Given information ->
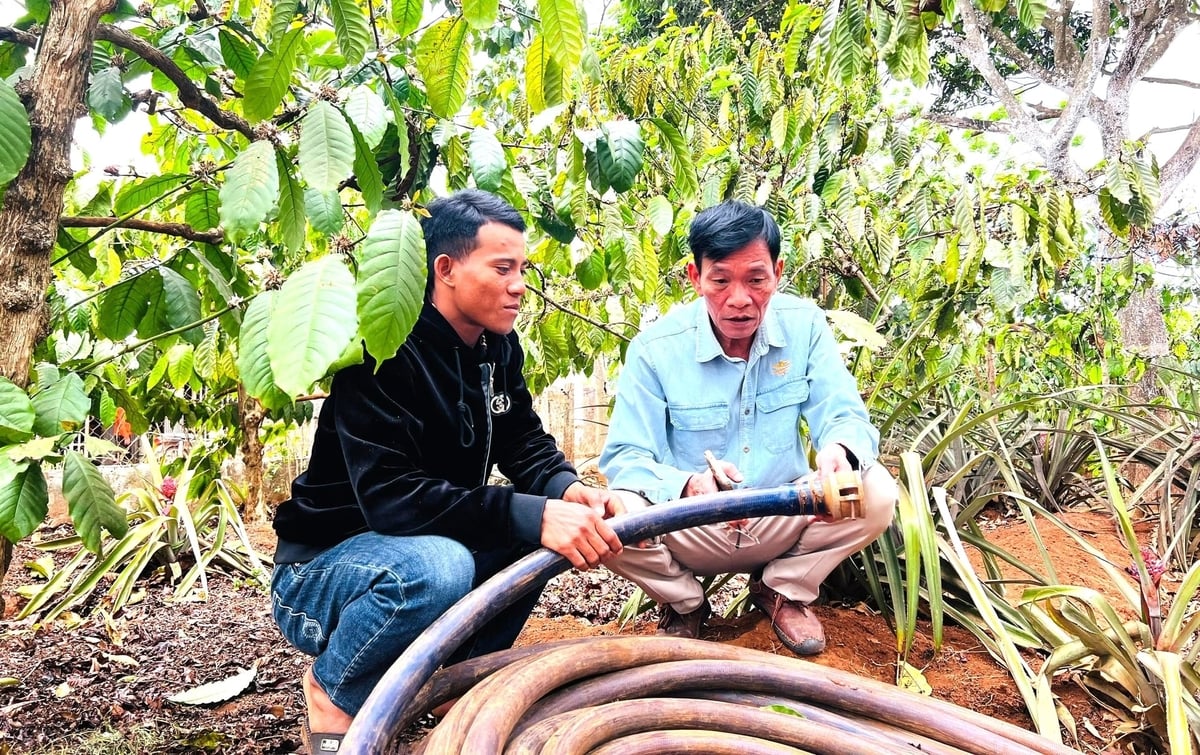 Anh Rơ Mah Liêu (trái) ở làng Hố Lang, xã Bờ Ngoong kiểm tra đường ống, chuẩn bị cho đợt tưới cà phê lần thứ 3. Ảnh: Tuấn Anh. 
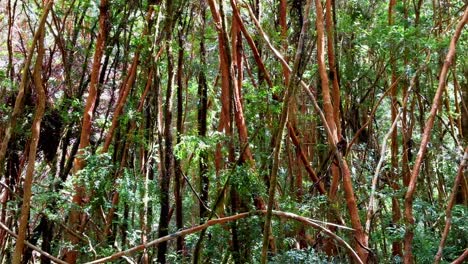 Cathedral-forest-of-Myrtle-trees-,-in-Tepuhueico-Park,-in-Chiloé,-Chile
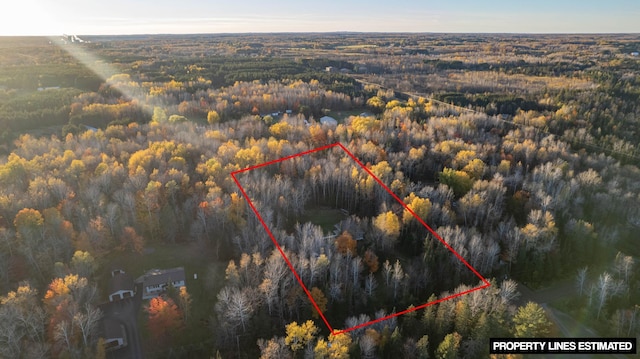 185 Olson Rd, Thomson Twp, MN 55733 - view of property location with a heavily wooded area and property boundaries highlighted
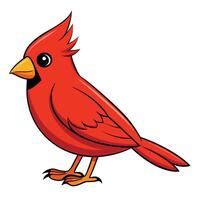 A cartoon red cardinal bird on a white background vector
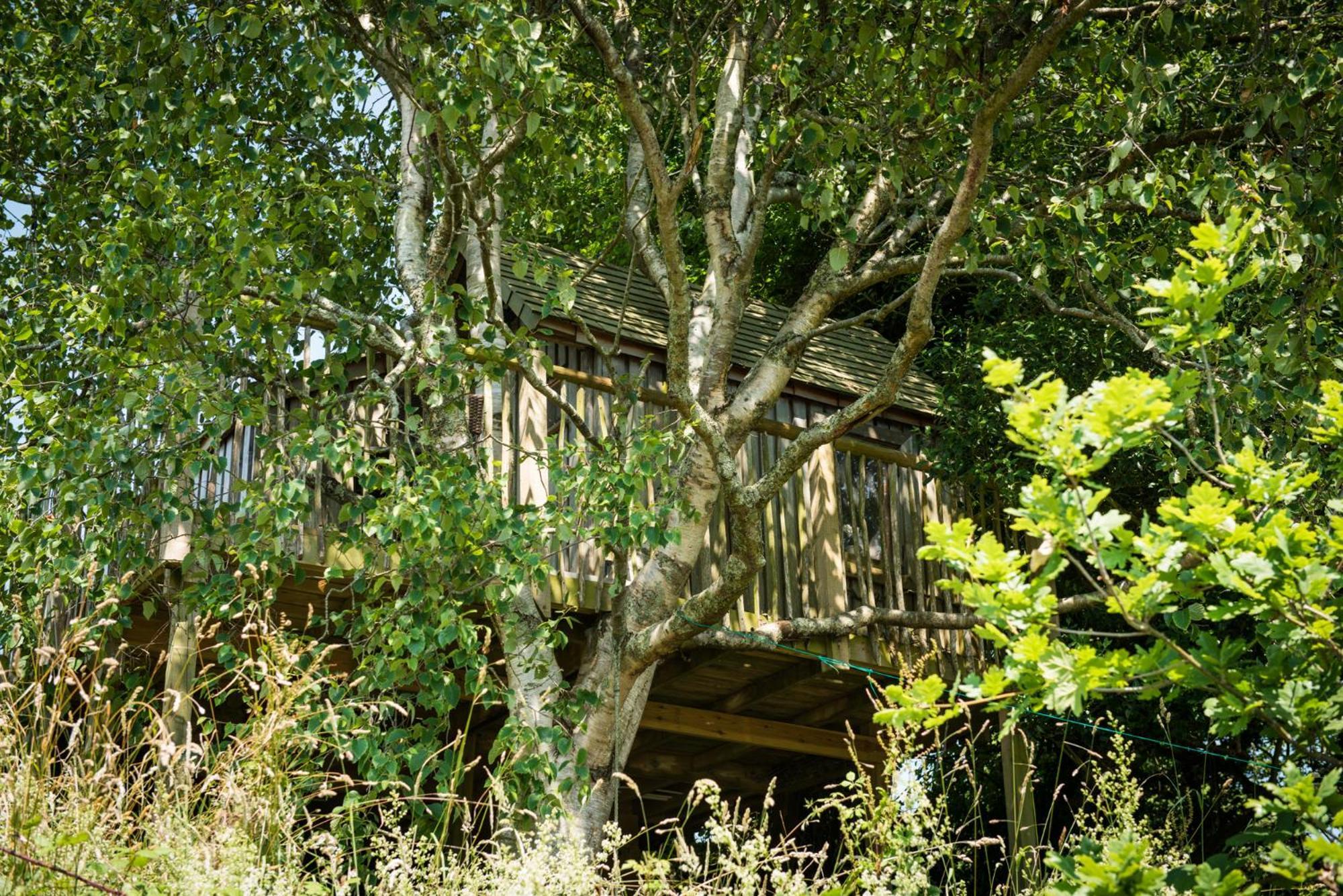 The Treehouse At Salcombe Farm Villa Exterior photo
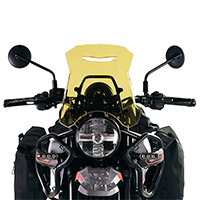Pare-brise Unit Garage Himalayan 450 Jaune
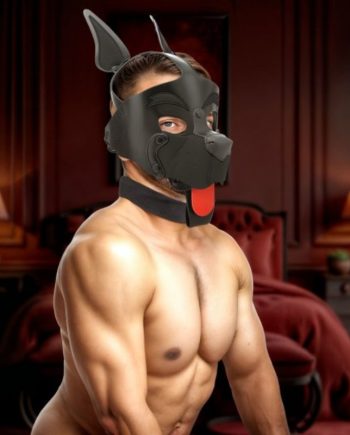 Alpha Dog Pup Hood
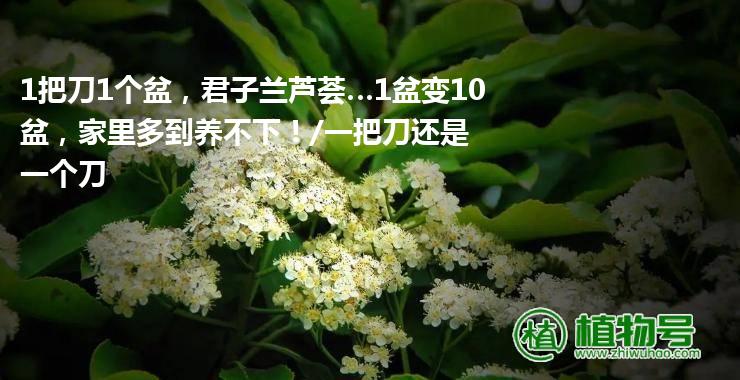 1把刀1个盆，君子兰芦荟…1盆变10盆，家里多到养不下！/一把刀还是一个刀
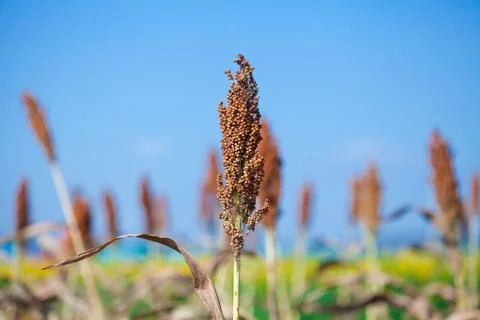 Sorghum bicolor Stock Photos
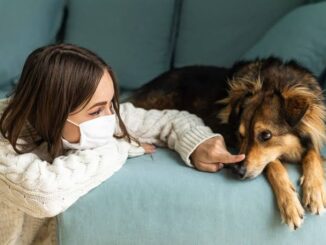 How to Manage Pet Allergies in Humans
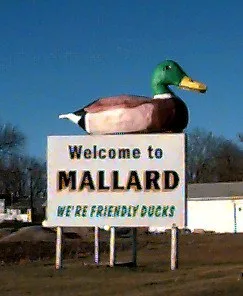 Mallard, IA city image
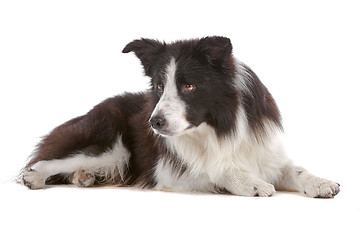 Image showing border collie sheepdog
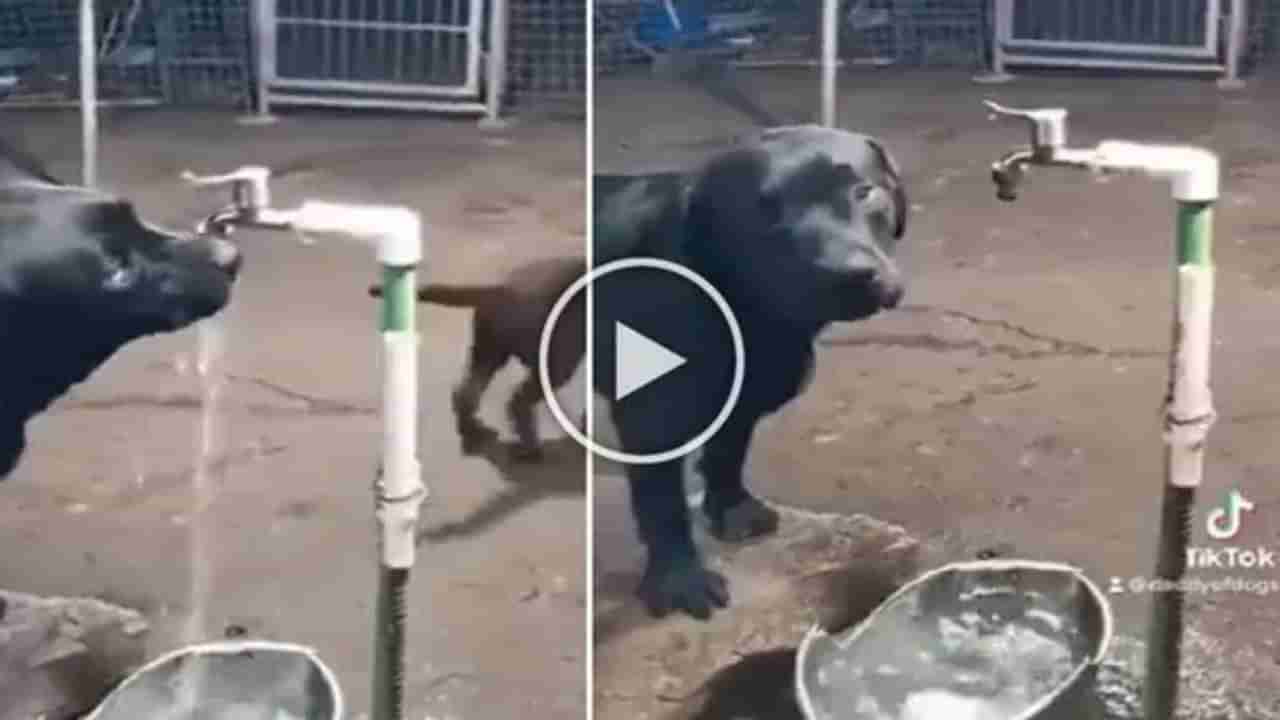 Dog Video: કૂતરાએ બતાવી પાણીની કિંમત, IPSએ શેર કર્યો વીડિયો અને કહ્યું,ડોગી સમજી ગયો, આપણે માણસો ક્યારે સમજીશું?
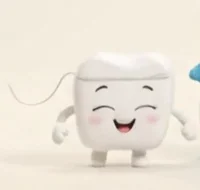 Flossy, a happy little white floss box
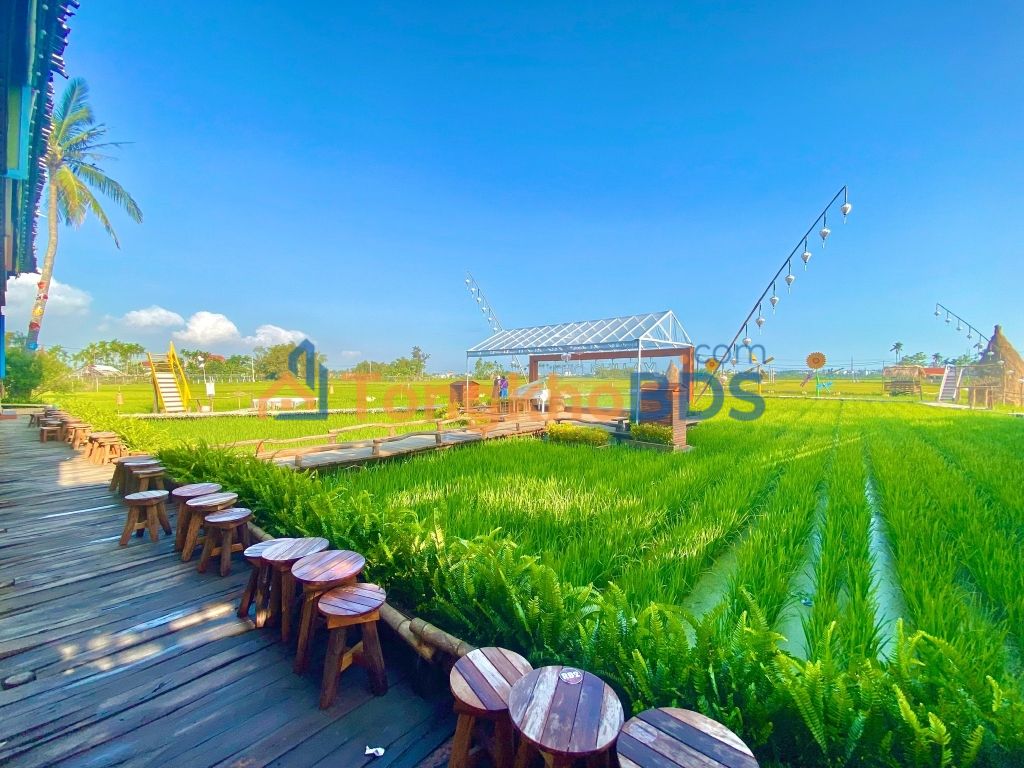 Đất nền Hà Lam 390m² 1,1 tỷ - Đường ô tô, tiềm năng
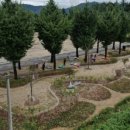 오선초등학교 이미지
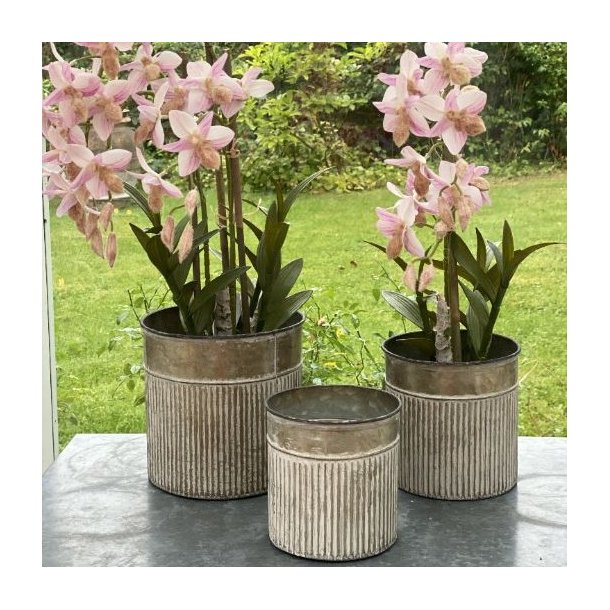 Tre runde urtepotter i zink med smukke lyser�de orkideer placeret p� et havebord i haven.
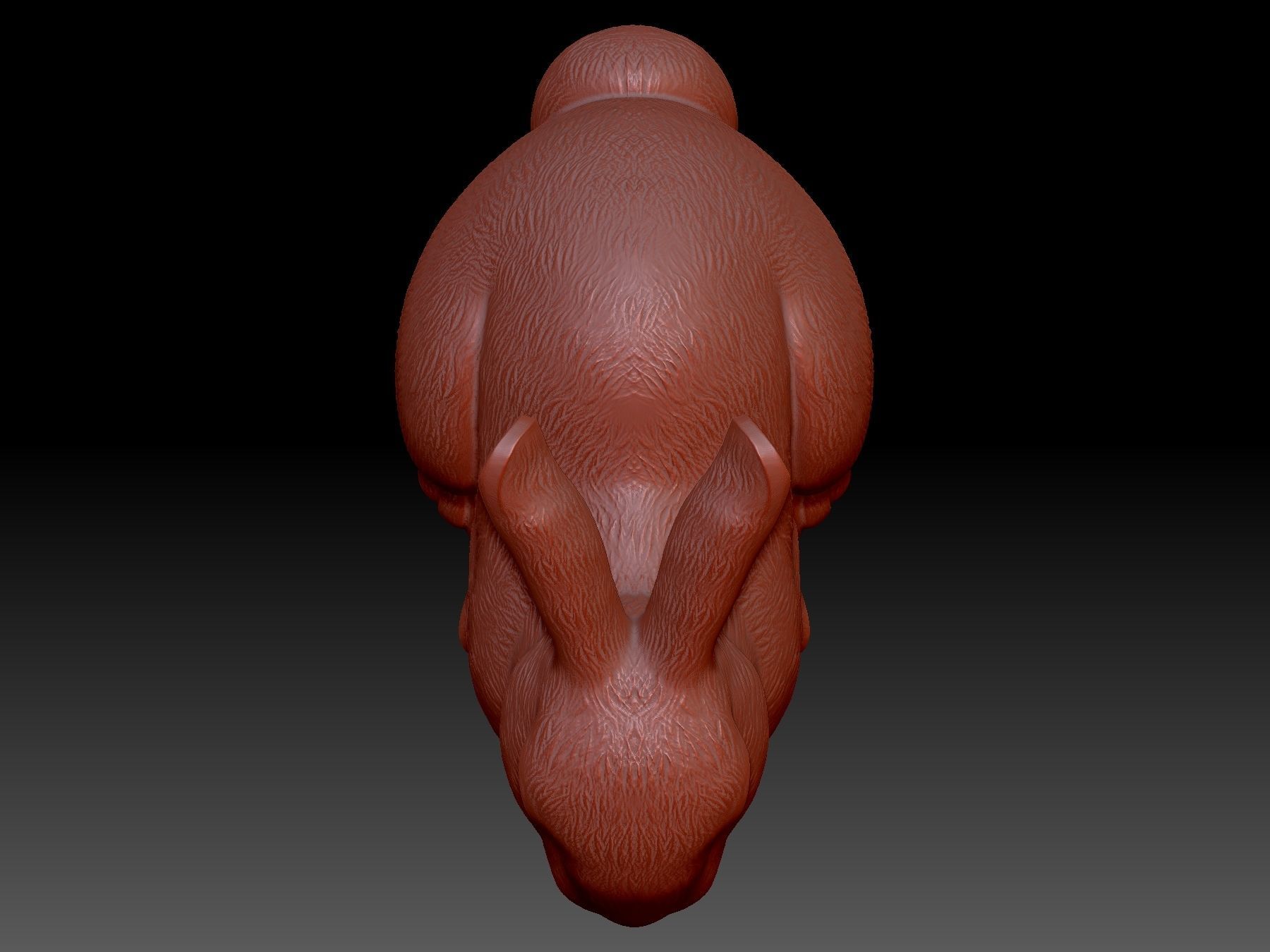 Rabbit 3D print model_6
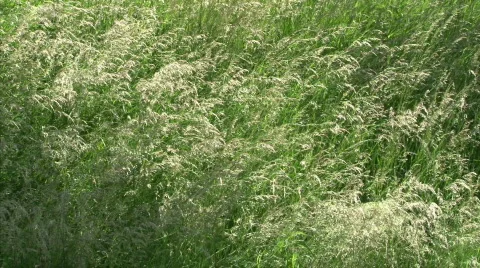 Green grass Stock Footage 448647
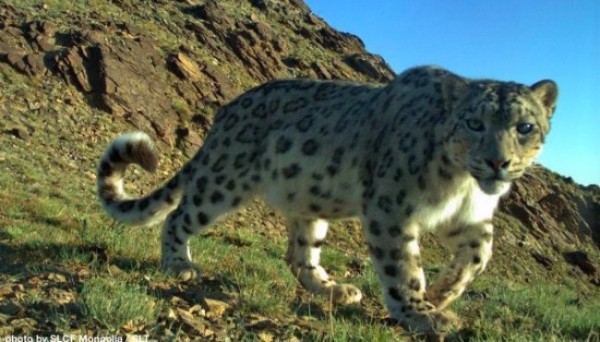 The Snow Leopard Trust works to protect this endangered cat through community-based conservation projects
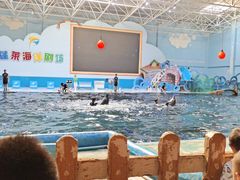 -蓬莱欧乐堡海洋极地世界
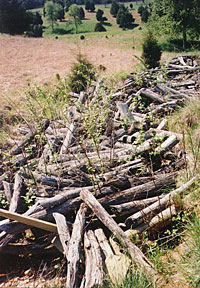 Wooden beams and poles in trench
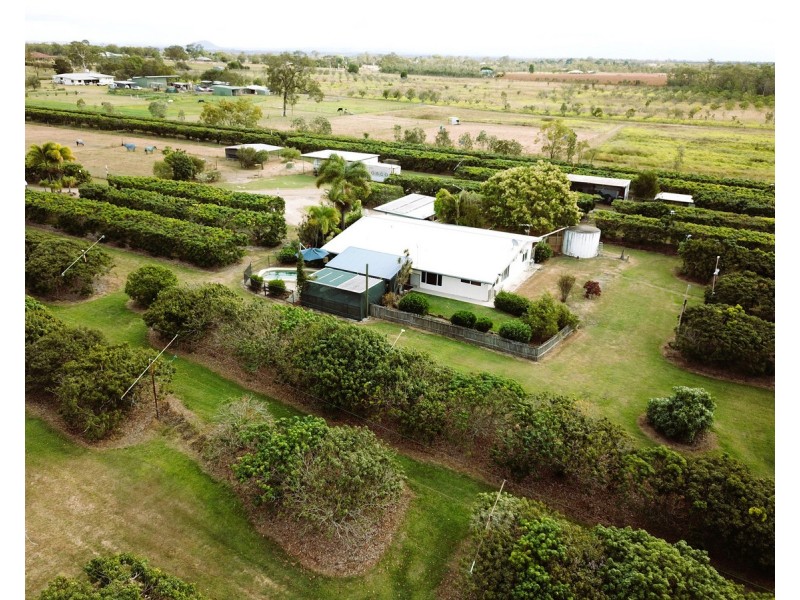 209 Malone Road, Mareeba QLD 4880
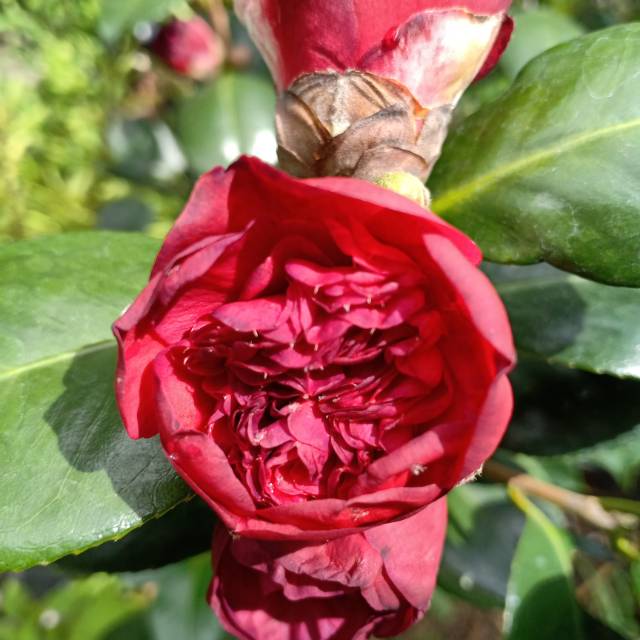 Bunga camelia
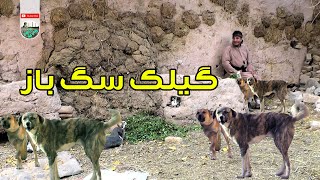 نمایش   گیلک سگ بازی میکنه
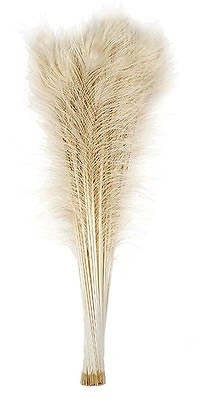 #ad 200 Pcs BLEACHED PEACOCK TAILS Feathers 35 40quot; Crafts Halloween Mardi Gras Hats $155.99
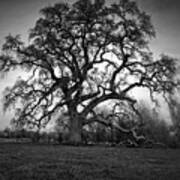 Giant Oak Tree Poster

What this task involves ->
For this exercise, transcribe the entries above exactly, without any pictures.

Written response ->
 Anh Rơ Mah Liêu (trái) ở làng Hố Lang, xã Bờ Ngoong kiểm tra đường ống, chuẩn bị cho đợt tưới cà phê lần thứ 3. Ảnh: Tuấn Anh. 
 Cathedral-forest-of-Myrtle-trees-,-in-Tepuhueico-Park,-in-Chiloé,-Chile
 185 Olson Rd, Thomson Twp, MN 55733 - view of property location with a heavily wooded area and property boundaries highlighted
 A cartoon red cardinal bird on a white background vector
 The Treehouse At Salcombe Farm Villa Exterior photo
Pare-brise Unit Garage Himalayan 450 Jaune
 Alpha Dog Pup Hood
 1把刀1个盆，君子兰芦荟…1盆变10盆，家里多到养不下！/一把刀还是一个刀
 Sorghum bicolor Stock Photos
 How to Manage Pet Allergies in Humans
 Mallard, IA city image
 Image showing border collie sheepdog
 Dog Video: કૂતરાએ બતાવી પાણીની કિંમત, IPSએ શેર કર્યો વીડિયો અને કહ્યું,ડોગી સમજી ગયો, આપણે માણસો ક્યારે સમજીશું?
 Flossy, a happy little white floss box
 Đất nền Hà Lam 390m² 1,1 tỷ - Đường ô tô, tiềm năng
 오선초등학교 이미지
 Tre runde urtepotter i zink med smukke lyser�de orkideer placeret p� et havebord i haven.
 Rabbit 3D print model_6
 Green grass Stock Footage 448647
 The Snow Leopard Trust works to protect this endangered cat through community-based conservation projects
 -蓬莱欧乐堡海洋极地世界
 Wooden beams and poles in trench
 209 Malone Road, Mareeba QLD 4880
 Bunga camelia
 نمایش   گیلک سگ بازی میکنه
 #ad 200 Pcs BLEACHED PEACOCK TAILS Feathers 35 40quot; Crafts Halloween Mardi Gras Hats $155.99
 Giant Oak Tree Poster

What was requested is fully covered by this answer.